Littérature française

Muriel Barbery

Thomas Helder

✒ Nicolas Mouton

(Librairie Le Presse papier, Argenteuil)

Dialoguant secrètement avec Joyce, Dante ou Shakespeare, le nouveau roman de Muriel Barbery sonde la présence de nos revenants. Cette déroutante et grisante introspection nous remet sur le droit chemin.

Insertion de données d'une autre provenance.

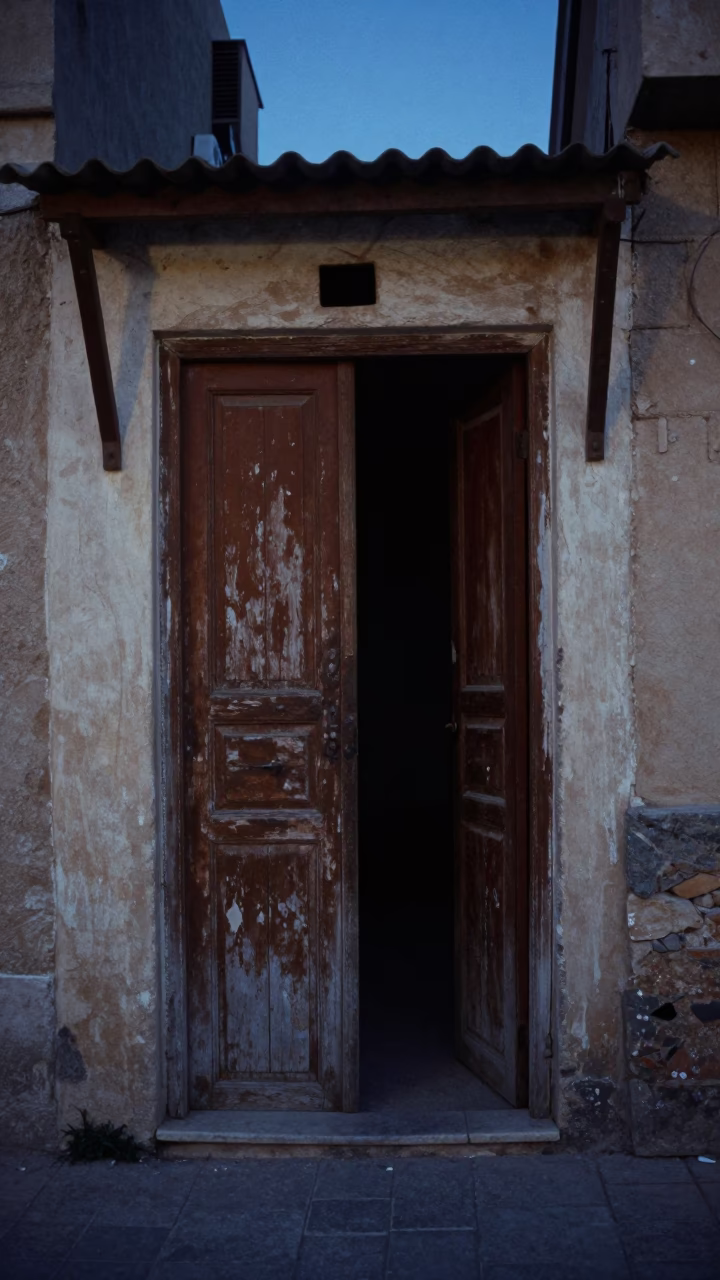 Predawn street scene in Alexandria Egypt with weathered door and local details in in Alexandria, Egypt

Toute œuvre littéraire forte est une réflexion sur l’art d’écrire. L’intrigue n’est là que pour nous guider sur ce chemin. Le nouveau roman de Muriel Barbery, s’il diffère beaucoup sur la forme d’Une rose simple (2020) et Une heure de ferveur (2022), n’en poursuit pas moins la même quête. Le texte s’ouvre sur l’enterrement de Thomas Helder, écrivain célèbre d’Amsterdam, revenu mourir sur ses terres d’enfance, dans l’Aubrac. Une maison, près d’une grange isolée dans la montagne, accueille famille et amis pour une dernière « cérémonie ». Au centre de celle-ci, Margaux, architecte qui « ne devrait pas être là », tisse une toile de conversations révélant peu à peu la manière dont chacun hante la vie des autres. Il faut lire lentement ces superbes pages où l’on traverse « des forêts de symboles » (Baudelaire) et où tout n’est qu’un long duel avec soi-même. Sentiment de la trahison, amicale ou politique (le souhaitable et le possible), éthique, réflexions sur la stratégie, la vérité de l’art, l’esprit de la nature et la présence des défunts. Quand sommes-nous avec nos morts ? Les brefs chapitres, où s’enlacent présent et passé, familiers et oniriques, dispensent, à travers le personnage de Jorg (frère de Thomas), des aphorismes tels que : « Ce qui importe, c’est l’instant où le geste devient beauté » ou « Nous apprenons du royaume des morts parce qu’il est notre avenir ». Peut-être tout n’est-il que cérémonie mentale (cimetière, réception, bain de Jorg…) ; cérémonie dans laquelle le vin joue un grand rôle : sang de la terre, in vino veritas et sans doute ultime repas pris ensemble, Cène. « La vraie beauté est une cérémonie (…). Une cérémonie de l’esprit qui désire voir le corps dénudé de la vie. » De sa prose si pure, Muriel Barbery touche grâce, vérité et transparence.